🤖 AI Summary
Existing vision-language-action (VLA) models struggle to model torque signals inherent in physical interactions, resulting in a lack of closed-loop force control capability for high-contact robotic manipulation tasks. To address this, we propose TorqueAdapter: a lightweight torque adapter embedded within the VLA decoder, coupled with torque prediction as an auxiliary supervision objective to encourage learning of physically grounded internal representations. Unlike conventional encoder-side multimodal fusion, this decoder-centric design avoids challenging cross-modal feature alignment. Inspired by joint prediction-and-planning paradigms in autonomous driving, we unify torque-aware perception and action generation within a single modeling framework. Evaluated on multiple high-contact manipulation benchmarks—including TORQUE-Bench—TorqueAdapter significantly improves task success rates and force-control robustness. Our results demonstrate that explicit torque modeling provides a critical gain in the physical understanding capability of VLA models.
📝 Abstract
Many robotic manipulation tasks require sensing and responding to force signals such as torque to assess whether the task has been successfully completed and to enable closed-loop control.
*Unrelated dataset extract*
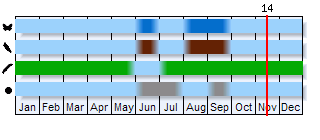 Phenogram based on the literature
However, current Vision-Language-Action (VLA) models lack the ability to integrate such subtle physical feedback. In this work, we explore Torque-aware VLA models, aiming to bridge this gap by systematically studying the design space for incorporating torque signals into existing VLA architectures. We identify and evaluate several strategies, leading to three key findings. First, introducing torque adapters into the decoder consistently outperforms inserting them into the encoder.Third, inspired by joint prediction and planning paradigms in autonomous driving, we propose predicting torque as an auxiliary output, which further improves performance. This strategy encourages the model to build a physically grounded internal representation of interaction dynamics. Extensive quantitative and qualitative experiments across contact-rich manipulation benchmarks validate our findings.